# What to produce
Only one stretch of the data below is needed: the line with "LACOSTE - マロン様専用Lacoste" through the last line. Output it exactly and drop the pictures.

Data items
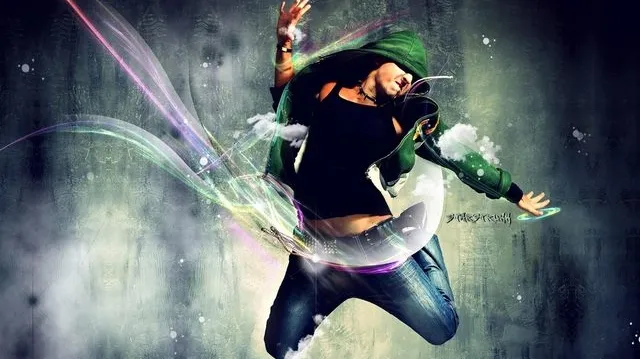 Bilal The Breaking Dance Academy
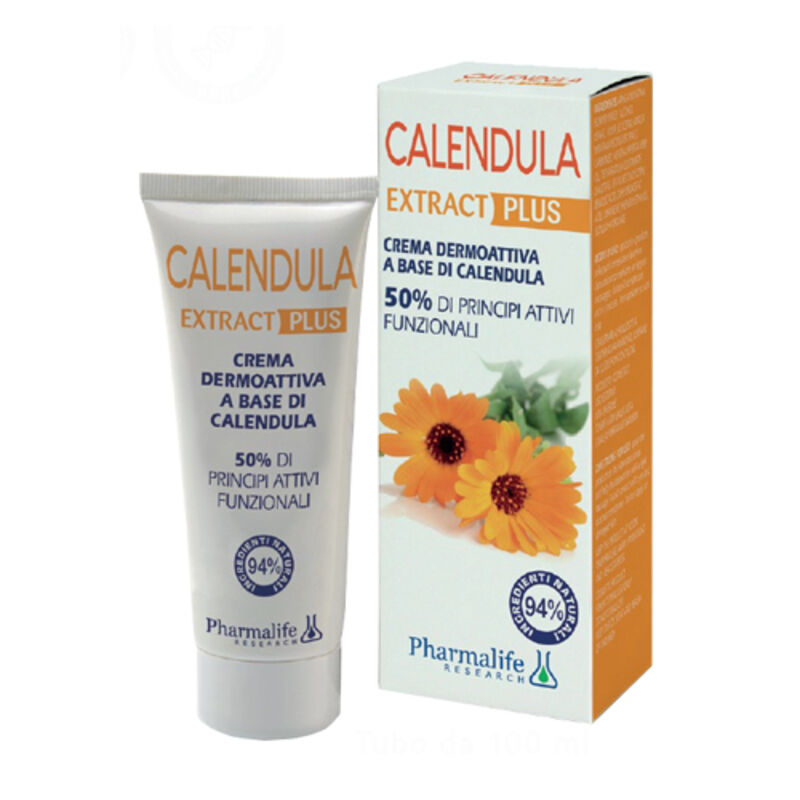 pharmalife-research Calendula Extract Plus 100ml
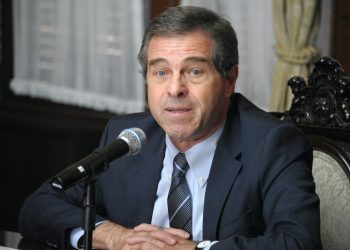 Canciller, Ernesto Talvi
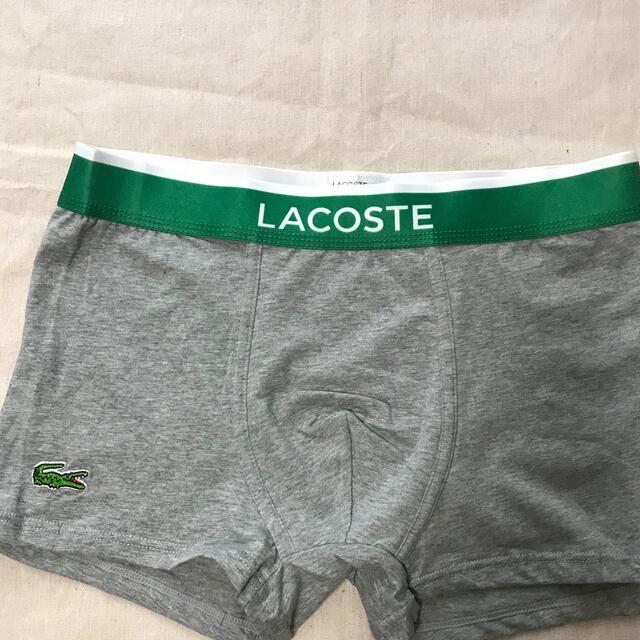 LACOSTE - マロン様専用Lacoste ボクサーパンツMサイズの通販 by ...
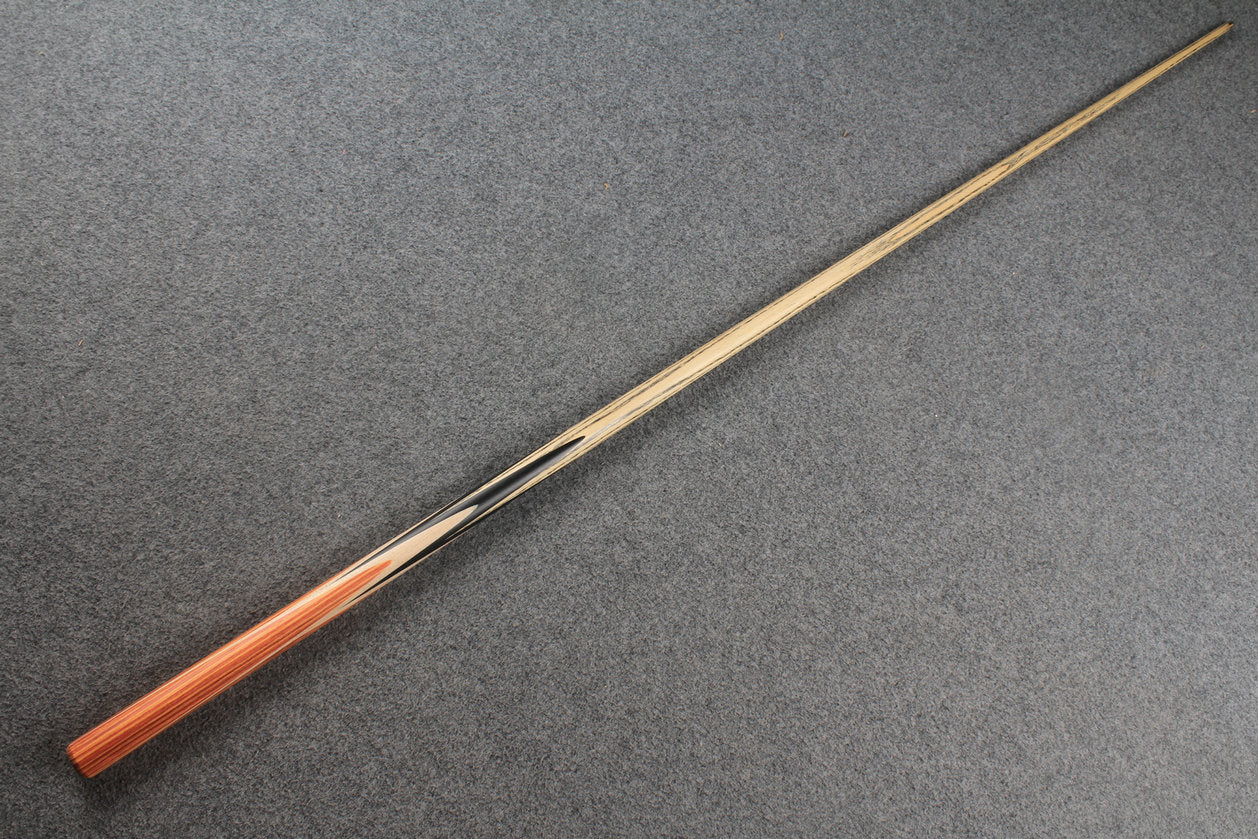 1 piece ash snooker cue # 9366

# Task response
 LACOSTE - マロン様専用Lacoste ボクサーパンツMサイズの通販 by ...
 1 piece ash snooker cue # 9366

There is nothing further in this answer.